Looking at the listing below, retype exactly the lines starting at the one containing "辽海出版社2024年秋新课程能力培养九年级数学上册人教版答案" and ending at the one containing "โรงงานผลิตน้ำดื่ม สระบุรี - โรงงานผลิตน้ำดื่ม", both included, and nothing else.

Entries provided:
--

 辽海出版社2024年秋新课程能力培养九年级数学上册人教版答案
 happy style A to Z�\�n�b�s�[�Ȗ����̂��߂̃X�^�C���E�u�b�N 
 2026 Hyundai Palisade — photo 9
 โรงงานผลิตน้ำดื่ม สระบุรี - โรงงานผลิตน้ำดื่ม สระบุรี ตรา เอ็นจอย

--

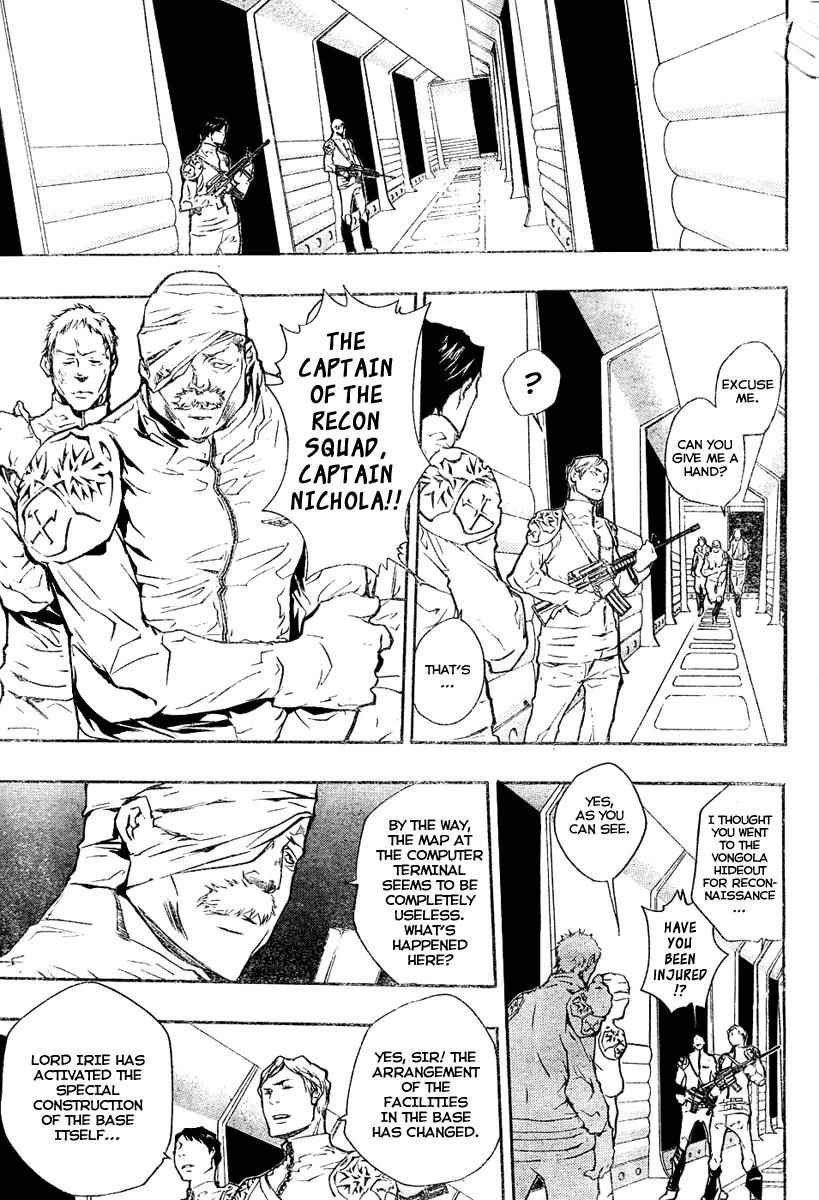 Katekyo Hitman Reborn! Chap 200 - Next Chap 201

--

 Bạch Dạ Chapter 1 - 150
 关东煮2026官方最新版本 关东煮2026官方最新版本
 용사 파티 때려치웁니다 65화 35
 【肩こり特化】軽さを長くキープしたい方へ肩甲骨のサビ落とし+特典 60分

--

Answer space:
 辽海出版社2024年秋新课程能力培养九年级数学上册人教版答案
 happy style A to Z�\�n�b�s�[�Ȗ����̂��߂̃X�^�C���E�u�b�N 
 2026 Hyundai Palisade — photo 9
 โรงงานผลิตน้ำดื่ม สระบุรี - โรงงานผลิตน้ำดื่ม สระบุรี ตรา เอ็นจอย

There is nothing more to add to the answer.